WORK TO COMPLETE:
Restate, exactly as written, the entries below from the line that holds "TEHAUX 2pcs Metal" through the line that holds "Nike Air Force". Pictures are not part of the copy.

EXCERPTED RECORDS:
==========

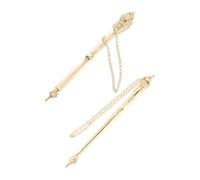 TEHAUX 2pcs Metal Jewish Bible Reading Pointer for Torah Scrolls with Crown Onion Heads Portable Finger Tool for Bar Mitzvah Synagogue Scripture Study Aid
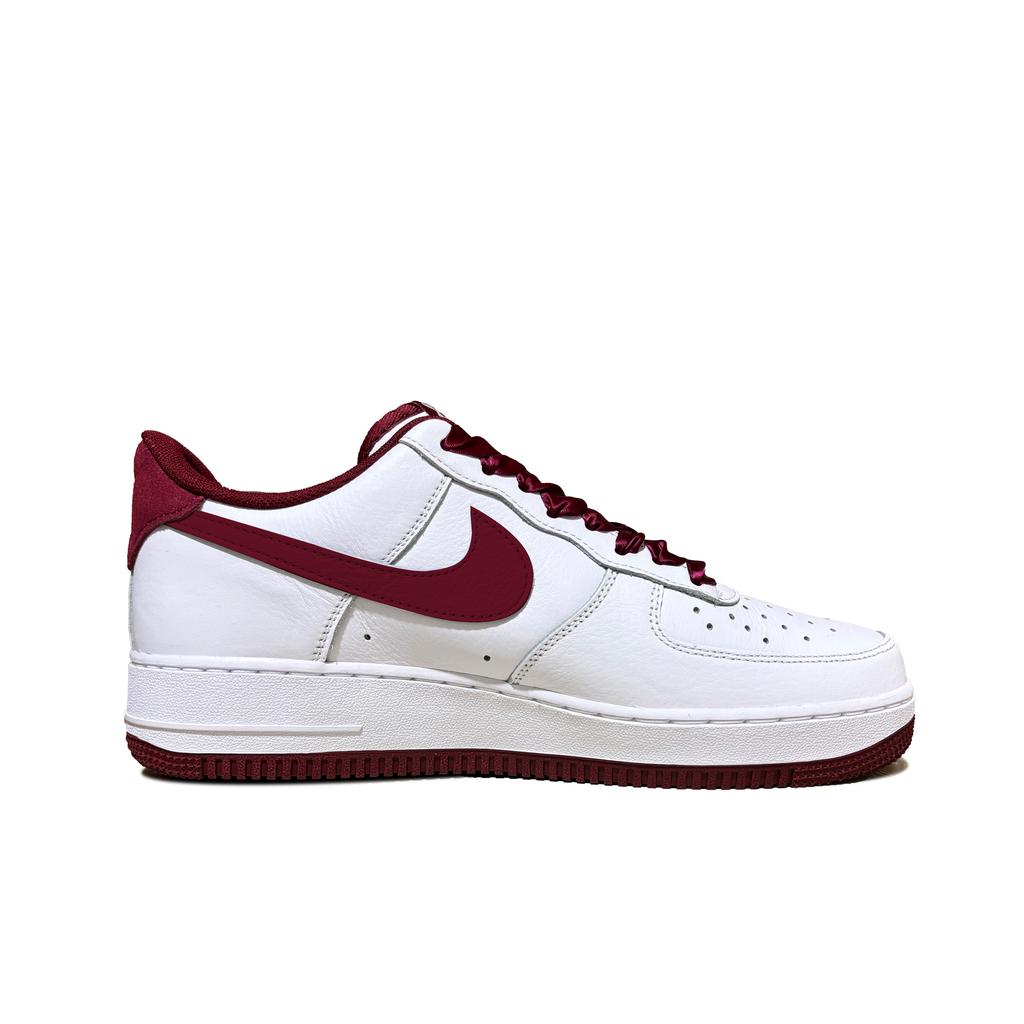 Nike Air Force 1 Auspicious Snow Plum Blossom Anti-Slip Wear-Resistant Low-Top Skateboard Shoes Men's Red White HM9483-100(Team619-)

==========

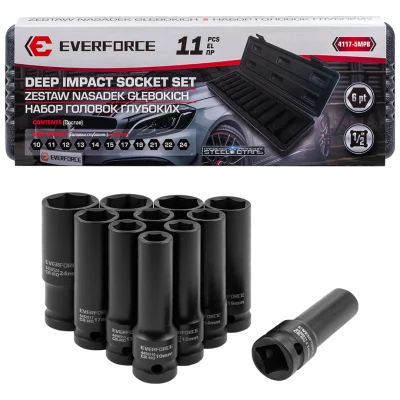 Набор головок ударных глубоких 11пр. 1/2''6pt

==========

ANSWER TO THIS PROBLEM:
 TEHAUX 2pcs Metal Jewish Bible Reading Pointer for Torah Scrolls with Crown Onion Heads Portable Finger Tool for Bar Mitzvah Synagogue Scripture Study Aid
 Nike Air Force 1 Auspicious Snow Plum Blossom Anti-Slip Wear-Resistant Low-Top Skateboard Shoes Men's Red White HM9483-100(Team619-)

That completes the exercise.